Potential for higher contribution rates
The RetireWell StudySM also reflected that the vast majority of participants are not contributing as much as possible to their plans.
Only 15 percent of those under age 50 are maxing out their contributions, while only 11 percent of respondents over age 50 were contributing as much as allowed. Plan participants are also preoccupied with fund accumulation rather than on how the money they’ve accumulated will translate to actual retirement income. Fifty-four percent focused on their 401(k) balance, but only 29 percent paid attention to the income their account can generate in retirement.
Financial professionals can encourage clients to increase their contribution rate by showing them how much more retirement income can be generated when they increase their contributions. When presented with information showing that their current contribution rate would only enable them to replace 50 percent of working income in retirement, 41 percent of those surveyed indicated they were likely to increase their contribution rates. Twenty-five percent of participants said they would increase their contribution rates if it meant achieving a 100 percent income replacement ratio.
Participants also said they were more likely to increase their contribution rates if they had a better understanding of available investments in their plan, had a financial professional show them how to invest assets, had better education materials from the company servicing their 401(k) plan, or if they learned that others of the same age and income were saving a bigger proportion of their income than they were.

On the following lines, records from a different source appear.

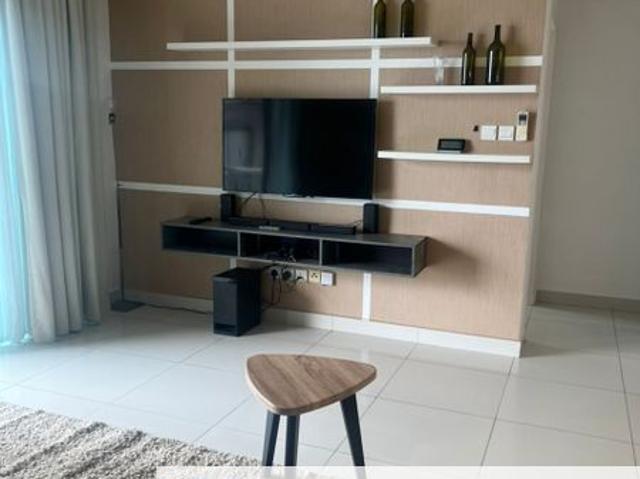Condominium for rent in Bukit Ledang, Johor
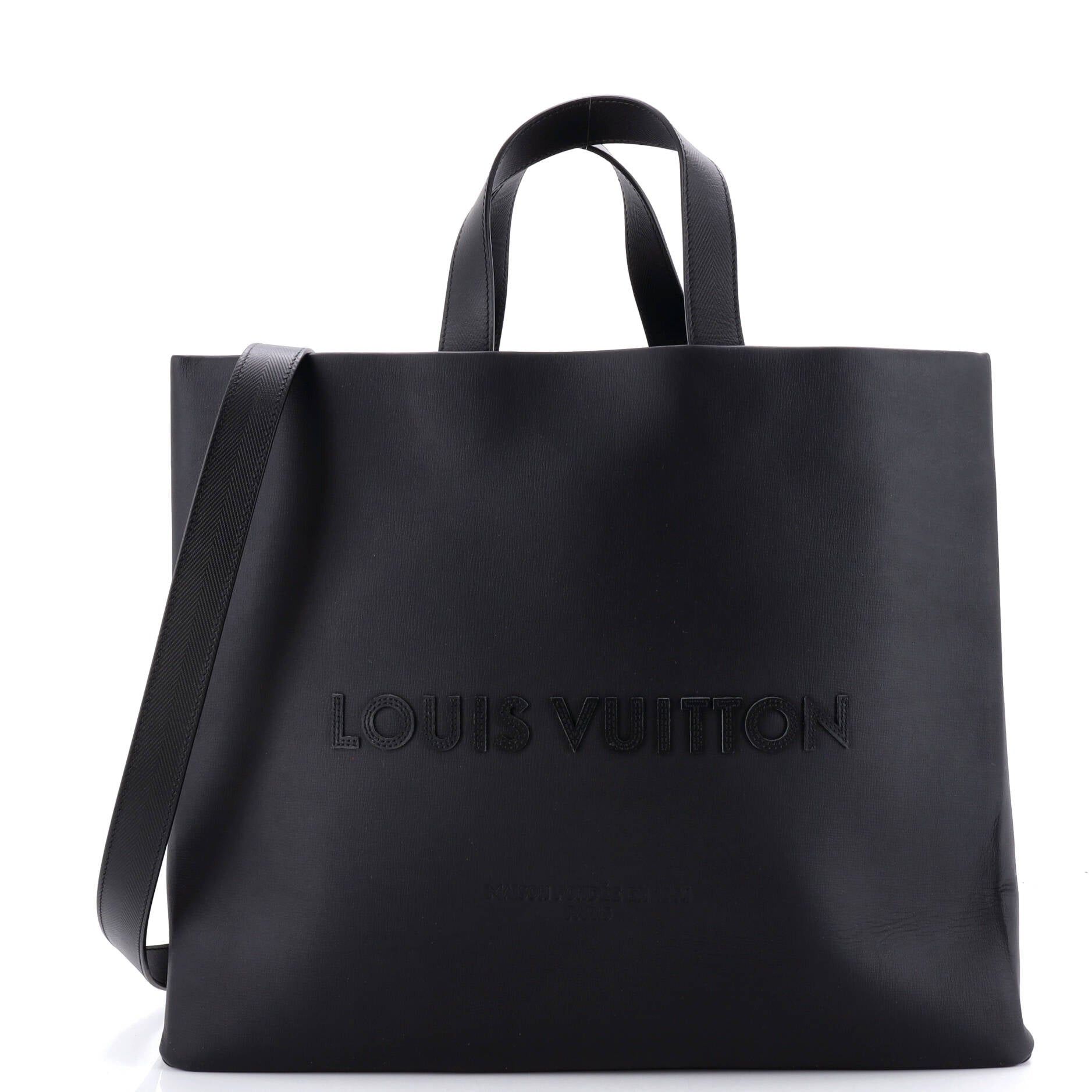 Louis Vuitton Shopper Tote Size ONE SIZE - 1 Thumbnail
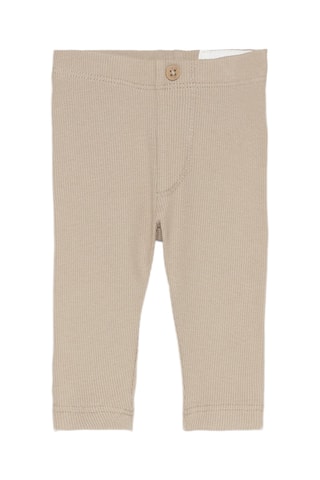 Leggings - Taupe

Small-plan participants are missing out
Participants in small work places (less than 25 employees) generally have access to fewer plan features and investment options than larger companies. Features such as matching contributions, the existence of planning tools, access to knowledgeable telephone reps and a fee-based managed account program are less common in smaller organizations. Small-plan participants are also less likely to be aware of investment options, such as target date funds, stable value funds and fixed rate accounts.

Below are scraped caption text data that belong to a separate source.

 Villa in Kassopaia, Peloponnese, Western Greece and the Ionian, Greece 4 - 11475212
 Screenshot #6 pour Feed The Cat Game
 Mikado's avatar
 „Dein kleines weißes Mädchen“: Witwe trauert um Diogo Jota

Small-plan participants aren’t always sure if they have access to a financial professional through their company 401(k) plan. In companies where financial professionals were both available and visible, they were seen as valued resources, and participants were comfortable considering them as a resource for retail products outside of the qualified plan. This suggests the need for financial professionals to be more proactive.
There are many ways that financial professionals can take advantage of opportunities in the small-plan market.
One is to create a robust, ongoing education program focused on helping participants better understand their plan, their investments, and their income targets for retirement, leading to greater success and clarity about their future. An education policy helps ensure sponsors deliver plan specifics by providing a strategy for achieving goals and objectives.
Financial professionals may also seek to work with plan sponsors whose plans are in need of a tune-up. It’s a best practice for sponsors to benchmark the feesand services in their plan every three to five years to check for “reasonableness” and “necessity,” important components in the Department of Labor’s 408(b)(2) regulations. For plans that have been ignored, or where the current financial professional is inactive, a fairly frequent occurrence in the small-plan market, there is a clear opportunity to help sponsors improve the plan experience for participants.
Many platforms have evolved to make large-plan services available to the small-plan market at competitive rates. At the same time, small-plan sponsors are increasingly realizing the value of working with third-party support services and financial professionals.
There are more and better opportunities for financial professionals in the small-plan retirement market than ever before.